[proofplan]
We test the parabolic equation against the solution $u$ itself. The time derivative term becomes the derivative of the squared $L^2$ norm by differentiating under the integral sign. The divergence term becomes the coercive spatial energy by Green's identity, with no boundary contribution because $u$ vanishes on $\partial U$. Integrating the resulting differential identity from $s$ to $t$ gives the asserted formula.
[/proofplan]
[step:Differentiate the squared $L^2$ norm in time]

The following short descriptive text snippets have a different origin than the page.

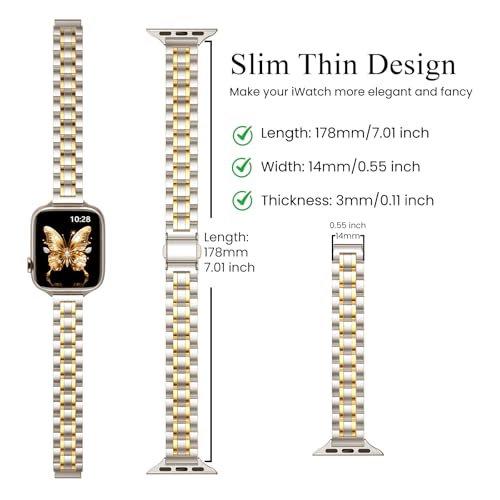 Image of STIROLL Thin Replacement Band Compatible for Apple Watch 49mm 46mm 45mm 44mm 42mm(Series 3 2 1), Stainless Steel Metal Wristband Women Men for iWatch Ultra SE Series 11 10 9 8 7 6 5 4, Starlight Gold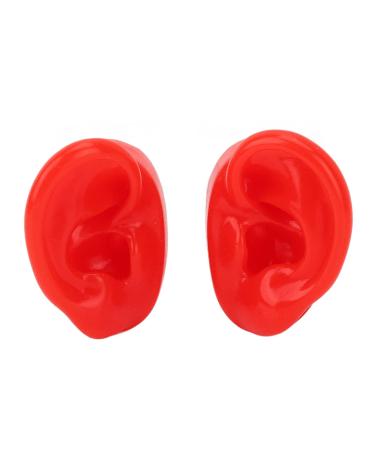 Ear Model Simulated Pair Human Ear Model Soft Slick Ear Model for Display Water Resistance Model for Point Acupuncture(Red)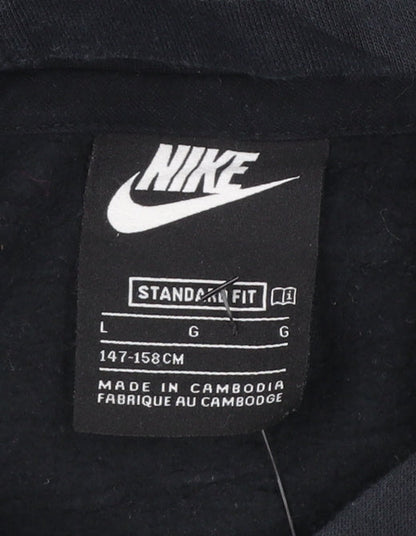 Nike Boys Black Pullover Hoodie Size L 147-158cm Cotton Blend Standard Fit
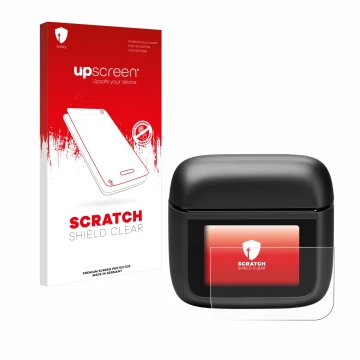 Parte frontal de un envase de producto con el logotipo de la marca upscreen. Al lado se muestra el dispositivo JBL Tour Pro 3 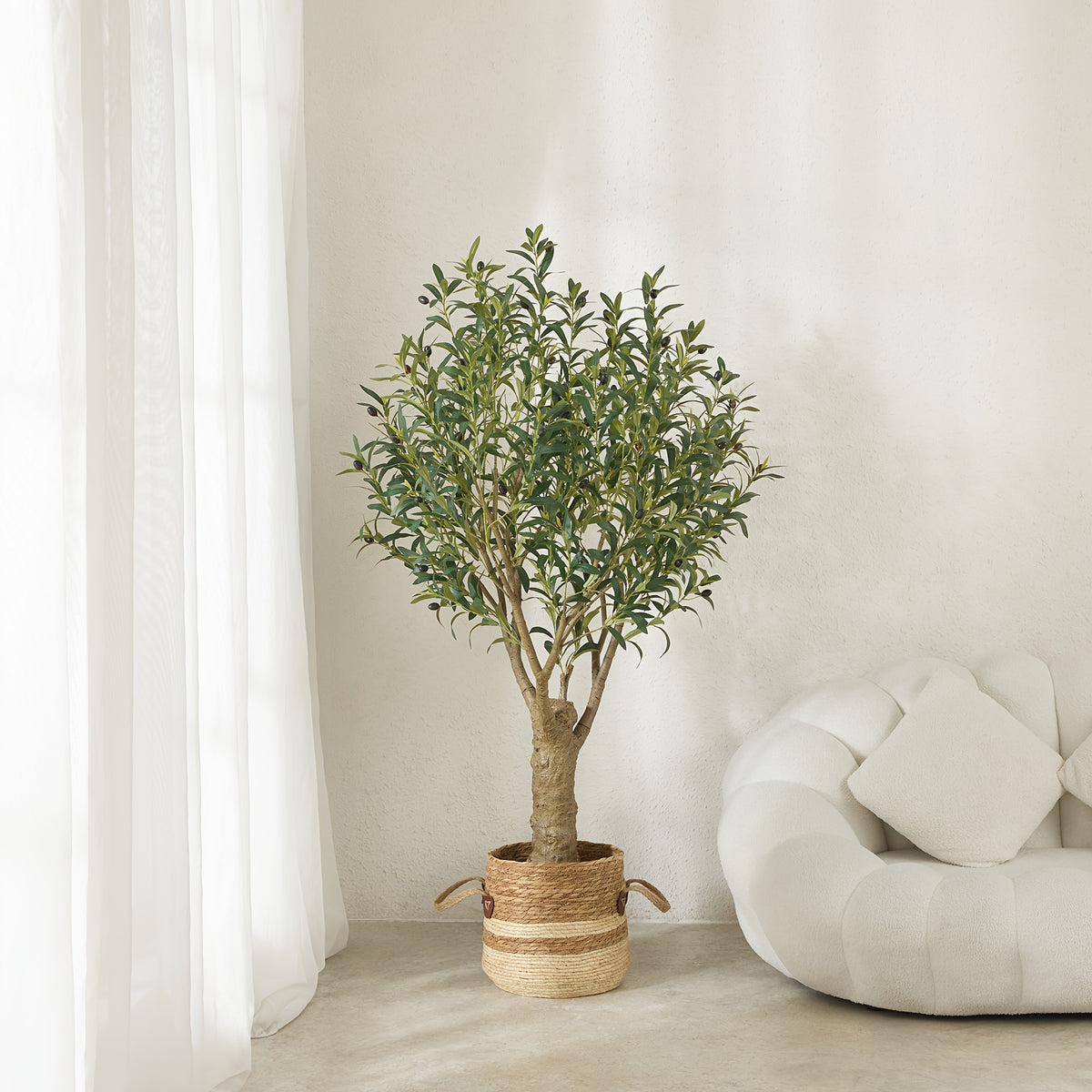 5/6/7/8ft Artificial Olive Tree, Faux Olive Plant with Black Planter, 39/49/54/62 Branches & 1390/2055/2871/4007 Silk Leaves, Perfect for Indoor Home Office Decor, Living Room, Bedroom, And Gift Ideas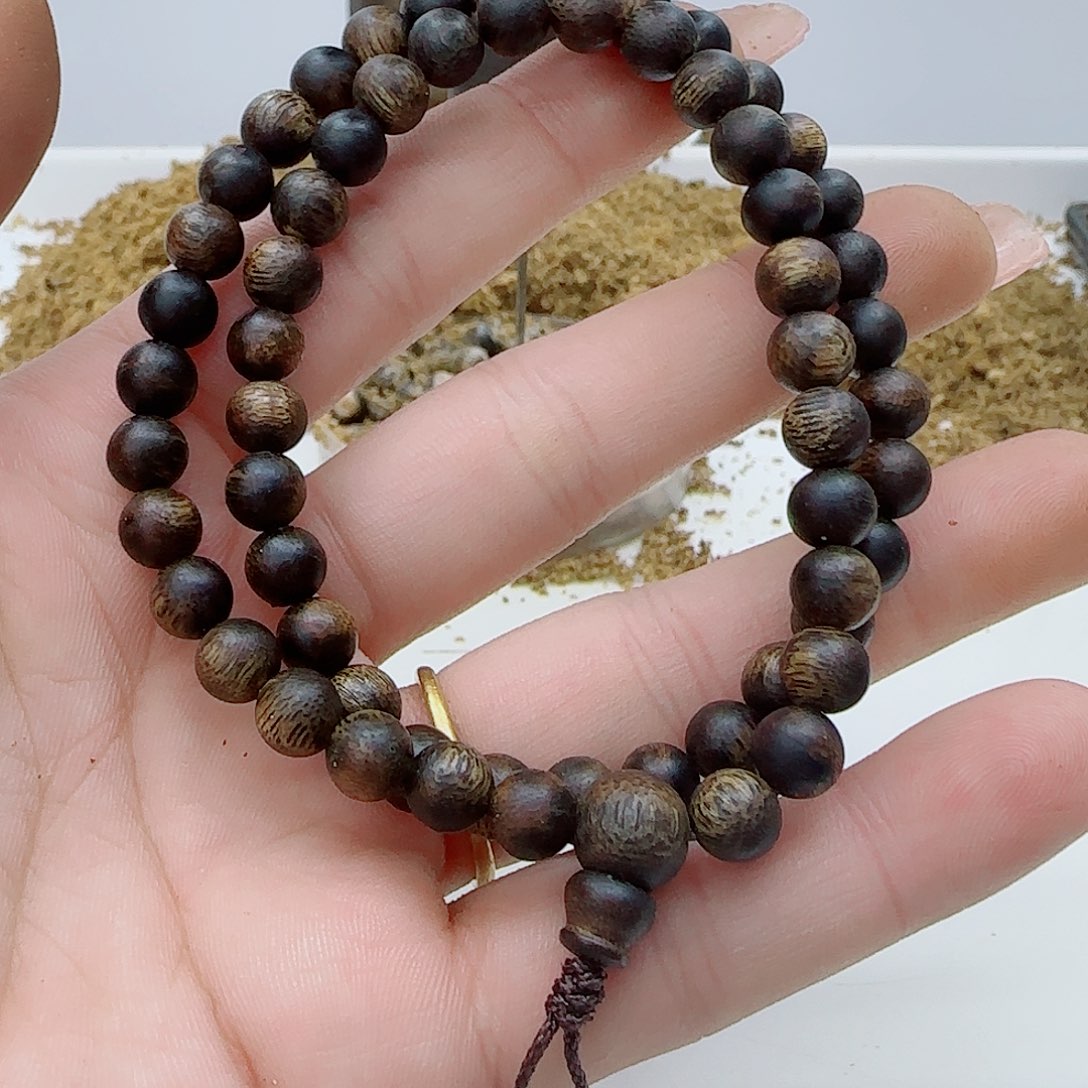手串沉香乌身老料双圈0.6  8克➕999沉浮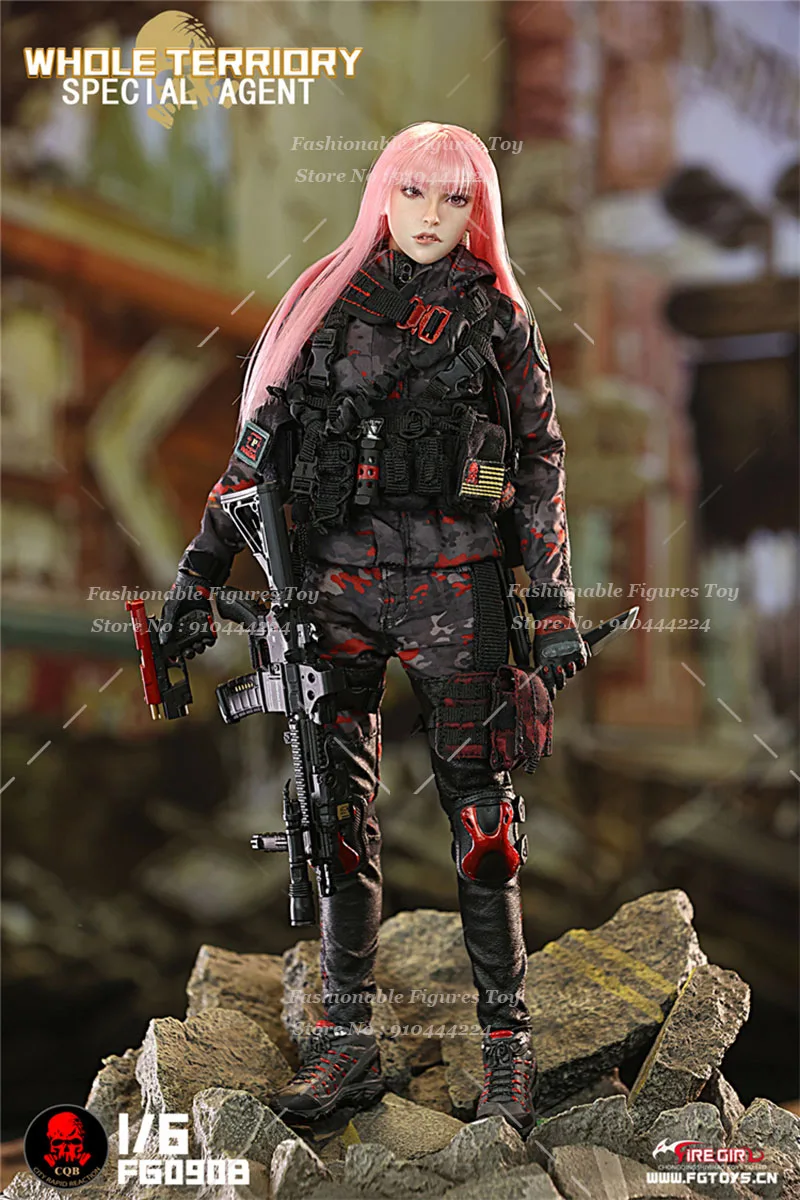 Mainan Fire Girl FG090 1/6 Prajurit Wanita Omni-Agent CQB Tim Taktis Set Perlengkapan Tempur Camo Cocok untuk Boneka Model Figur Aksi 12 Inci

Define the energy function $E:[0,T]\to\mathbb{R}$ by
\begin{align*}
E(\tau)=\frac{1}{2}\int_U u(x,\tau)^2\,d\mathcal{L}^n(x).
\end{align*}
Since $u$ and $\partial_t u$ are continuous on the compact set $\overline{U}\times[0,T]$, differentiating under the integral sign gives, for every $\tau\in(0,T)$,
\begin{align*}
E'(\tau)=\int_U u(x,\tau)\partial_t u(x,\tau)\,d\mathcal{L}^n(x).
\end{align*}
Equivalently,
\begin{align*}
E'(\tau)=(\partial_t u(\cdot,\tau),u(\cdot,\tau))_{L^2(U)}.
\end{align*}
[/step]
[step:Convert the divergence term into the spatial energy]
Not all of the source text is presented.